On Tuesday, the Utah Department of Health presented to lawmakers some sobering numbers. That with still three-and-a-half months to go, the state is already on pace to beat the total number of suicides in all of 2016. Vulnerable demographics include men, teens and young people between the ages of 20 to 25.
On KVNU’s For the People program on Wednesday, Emily Pugsley of the Bear River Health Department said the figures send a warning signal that education is needed.
“From a health educator prevention standpoint, it’s hard to just look at the numbers when we want to help people right away. Understanding that the trend is increasing should send a message to each one of us that we need to be educated about suicide, and what resources are available,” according to Pugsley.
She said the health department has been working with the community to find gaps in services and promoting education on how to identify someone who might be struggling. She said resources are available but it’s also important for family and friends to not be afraid to address the subject with one they suspect may be considering suicide, but doing so in a non-judgmental way.

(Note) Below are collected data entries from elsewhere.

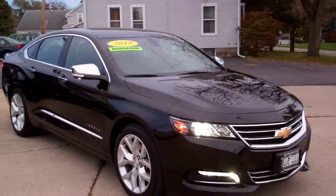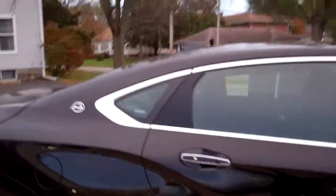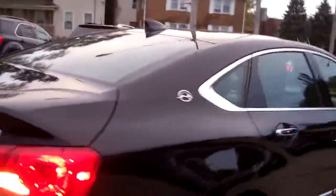Hey, check this out — 2018 Chevy Impala, black in color, nice alloy wheels, some chrome accents around the perimeter. Look at that nice Impala badge on the back.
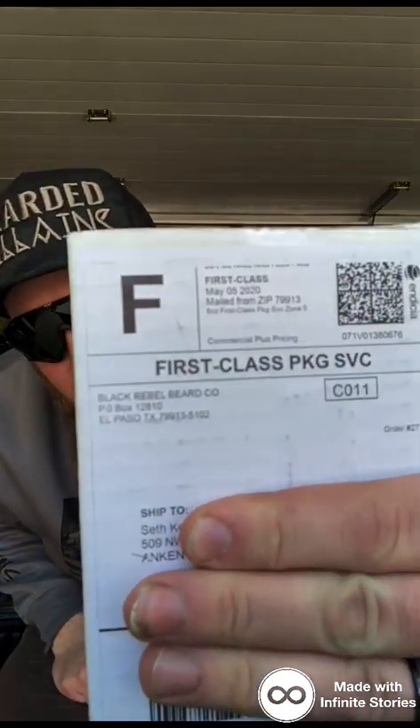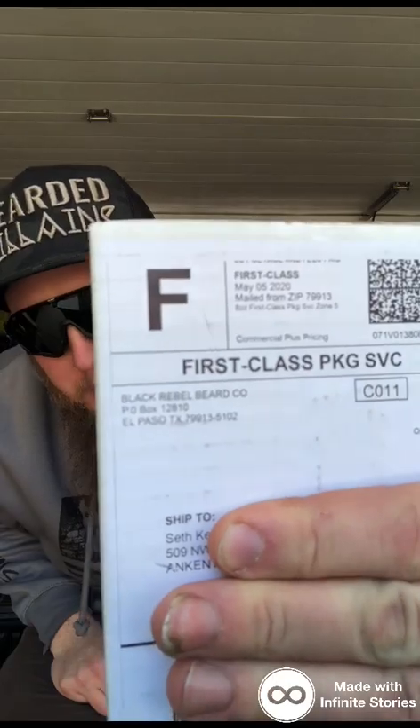What is going on, everybody? For this company, I couldn't have thought of a better place to shoot this than on the back of my pickup, because this guy and this beard company are major truck lovers. This company we're talking about today is Black Rebel Beard Company.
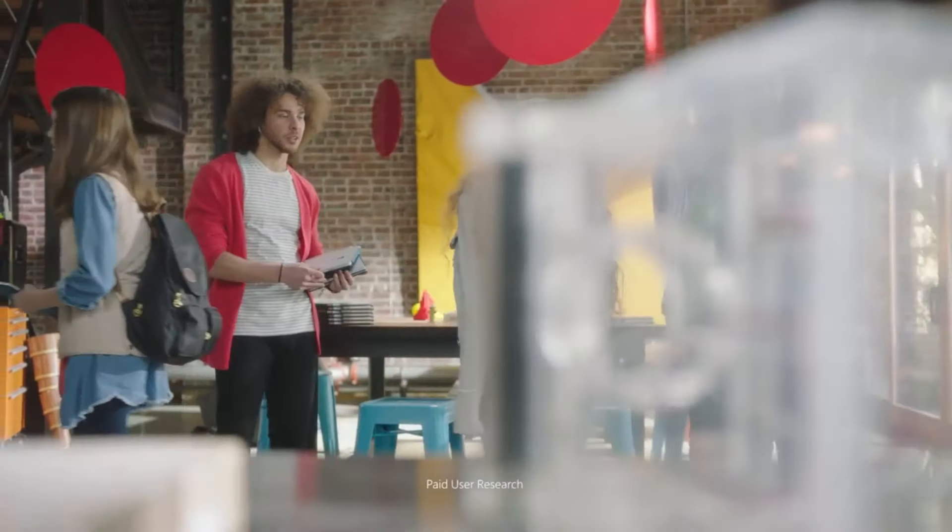Come on in. Have a seat. How are you doing today? Good job.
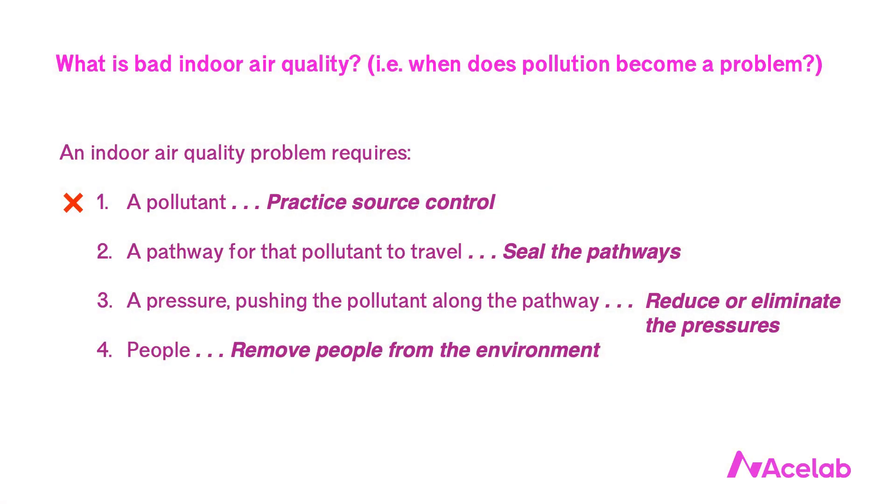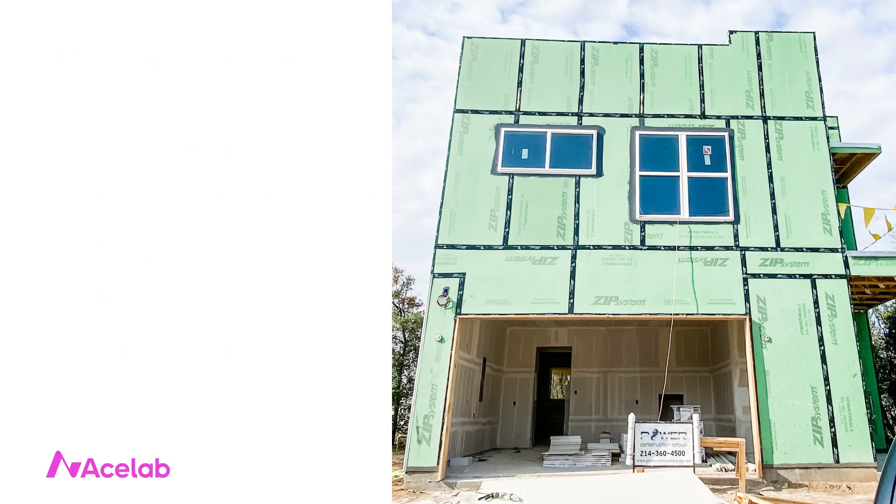Suppose we're not going to eliminate the attached garage and we're not going to remove the people from the environment. That leaves us with two things to consider: pathways and pressures. Just as with water management, we tend to obsess over the pathways, and the pathways are really, really important. But dealing with the pressures tends to be more important in pollution control. Even when we're excellent at sealing the pathways, it's usually not enough to compensate for not getting the pressure relationships right.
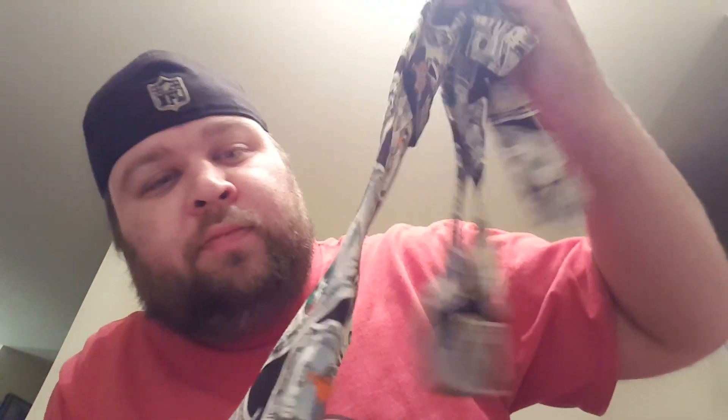I picked up two neckties, they were a dollar a piece. One is Looney Tunes with money on it, and the other has wine bottles and things like that. I figure $8 each for the ties.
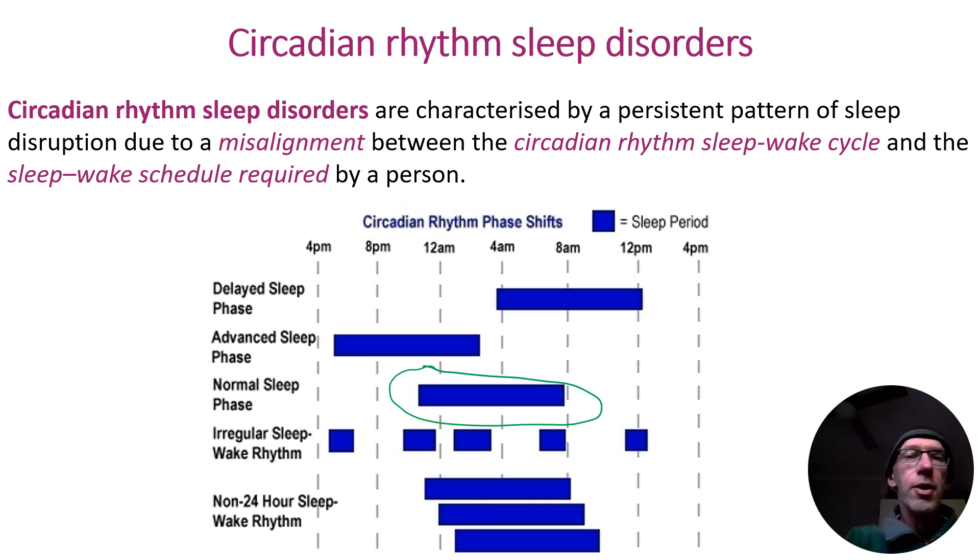So we're either falling asleep too early and then waking up too early, or in this case we're falling asleep too late and not getting the adequate sleep required because we have to wake up too early in order to gear up for school.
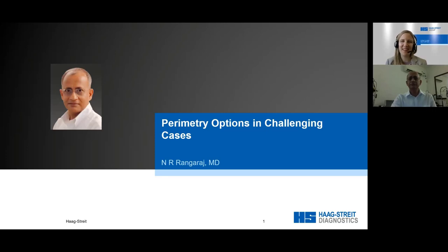Welcome, everybody. It's my great pleasure to welcome you to today's webinar on Perimetry Options in Challenging Cases. My name is Monica Fischer. I am the Senior Market Manager for Perimetry at Haag-Streit Diagnostics in Switzerland, the headquarters. It's my pleasure to have you all here today.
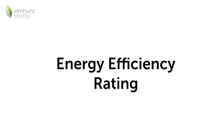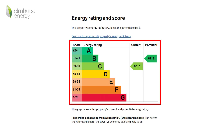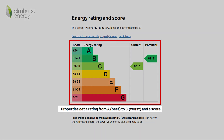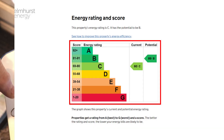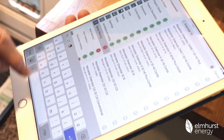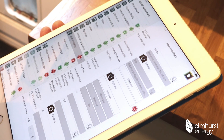The energy efficiency rating. As mentioned earlier, the energy efficiency rating is displayed as an A to G scale, with the least efficient buildings being rated G and the most efficient rated A. The rating is calculated using cost-based factors, such as the fuel used for heating, hot water and lighting.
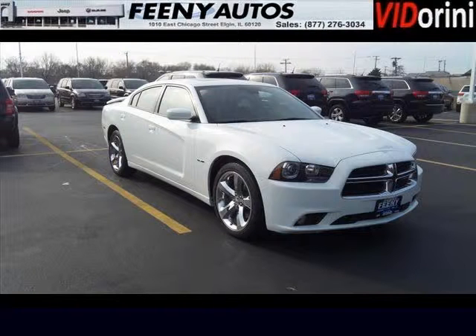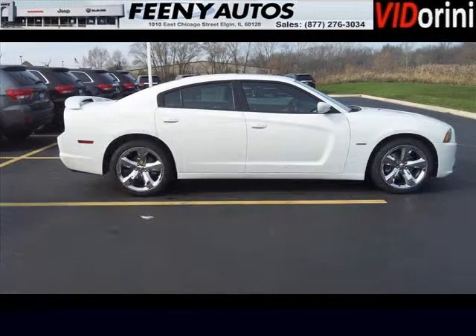The airbags and Dolby stereo only makes it more attractive. Low miles means it's fresh and ready to get out there. Come in today and take a look for yourself. Feeney Chrysler Jeep Dodge is the dealership for you, conveniently located in Elgin, Illinois off of I-10.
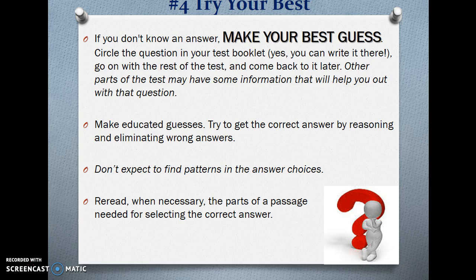Number 4 — Try your best. If you don't know an answer, make your best guess. Circle the question in your test booklet — yes, you can write in there. Go on with the rest of the test and come back to it later. Other parts of the test may have some information that will help you out with that question. And remember: you promised that you would always, always, always guess and circle a bubble — never ever skip a bubble. Make educated guesses. Try to get the correct answer by reasoning and eliminating wrong answers. Don't expect to find patterns in the answer choices. Reread, when necessary, the parts of a passage needed for selecting the correct answer.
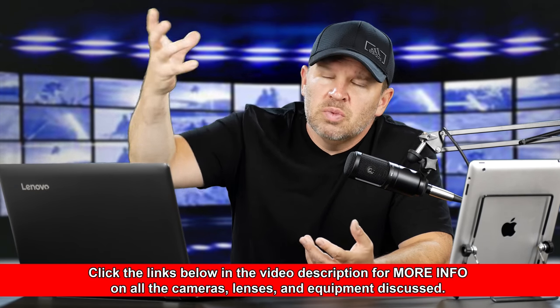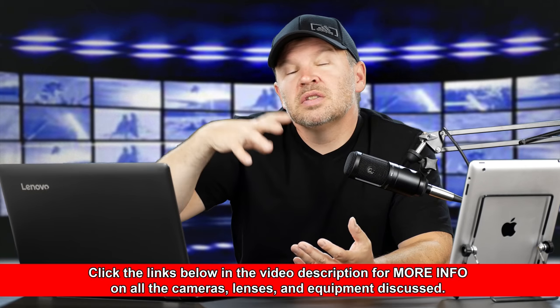My good friend Peter Gregg really likes those faster lenses. He feels he needs them in his setting — especially when he's shooting video, he doesn't like to add a ton more lighting. The way he shoots, he likes to use less lighting and use a faster lens. For me, not such a big deal.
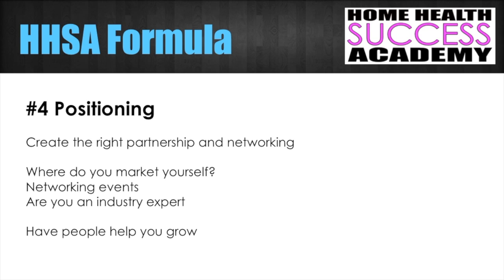Number four is positioning — creating the right partnerships and networking. Where do you market yourself? Where do you attend networking events? Are you an industry expert? We talked about public speaking, speaking engagements, and lunch and learns. You need to help people grow by positioning yourself as the industry expert — that go-to person. If a social worker has a discharge, they should call you first. Can you answer all the information they may have? That's where you need to build it.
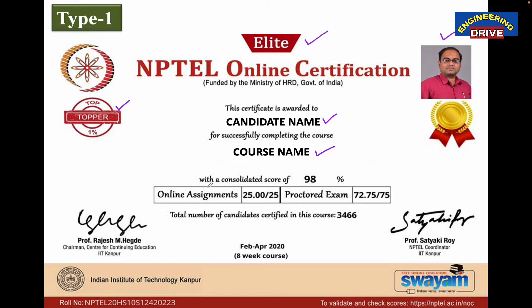In this example, the candidate has scored 98%, which is a very good score. How many students have been certified in the course is also shown — here you can see 3,466 students. Note that registering for a course is different from being certified. Many thousands of students register, but very few get certified. Out of 3,466 certified students, this candidate got a consolidated score of 98%, meaning they are among the top 1%. That is why both the Elite label and the Topper label appear on the certificate.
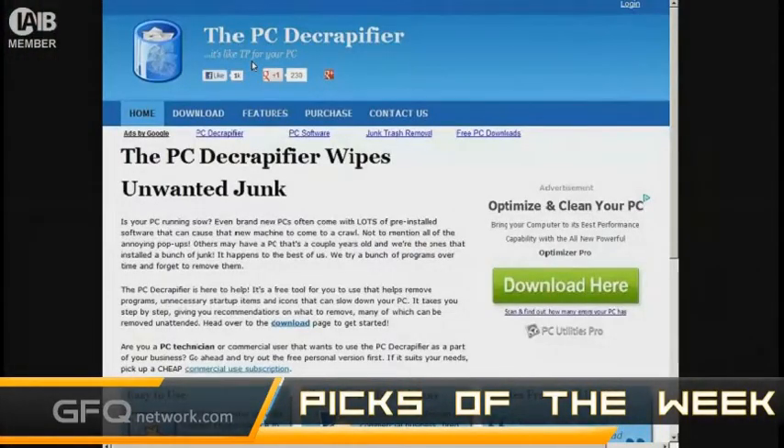I need to get rid of a lot of stuff that it just comes with. Anytime you get a new computer, or you have a computer that you've had for a long time, it just builds up a bunch of junk on there. You just need some easy way to get rid of it. One of the ways you can do that is with a program called PC Decrapifier.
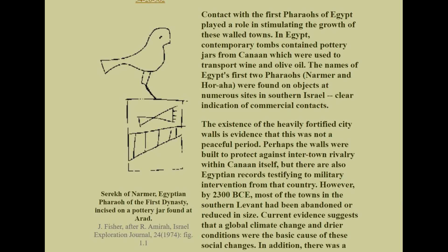Contact with the first pharaohs of Egypt played a role in stimulating the growth of these walled towns. In Egypt, contemporary tombs contained pottery jars from Canaan which were used to transport wine and olive oil. The existence of heavily fortified city walls is evidence that this was not a peaceful period. By 2300 BCE most of the towns in the southern Levant had been abandoned or reduced in size.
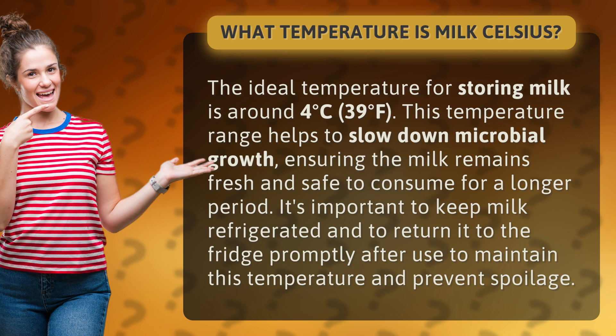It's important to keep milk refrigerated and to return it to the fridge promptly after use to maintain this temperature and prevent spoilage.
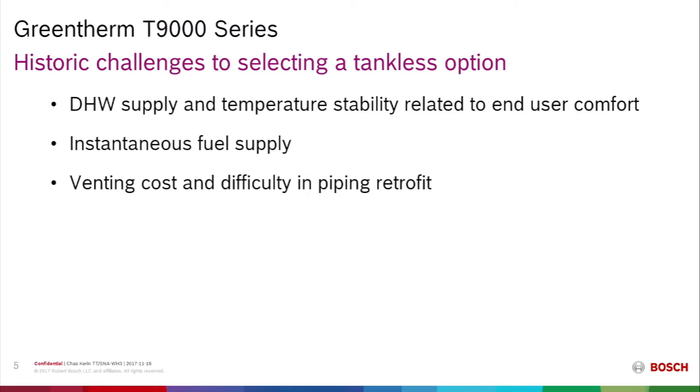Venting costs and difficulty in piping retrofit is another challenge. The venting costs historically may have involved a proprietary venting system or a stainless steel AL-29-4C venting system, both of which were very expensive. Another difficulty for the contractor was the piping and retrofit, where tank water heater connections are on top while most tankless units have bottom or side connections. Setup and commissioning requirements could be a further burden, as many contractors do not have a combustion gas analyzer, which was historically required for proper installation.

“USU Extension is actually offering an amazing class coming up on October 14th (called) ‘Youth Mental Health First Aid’. It’s an eight-hour course that teaches adults how to recognize the signs of a mental health concern in young people and how to respond effectively.
“A lot like Q.P.R. but it does a whole day training, so if anyone wants more information they can call USU Extension or the health department.”
Q-P-R stands for Question, Persuade, Refer which are three important steps concerned individuals can learn to help prevent suicide. Pugsley said it’s important to not just “push it under the rug” thinking it’s just a phase someone is going through.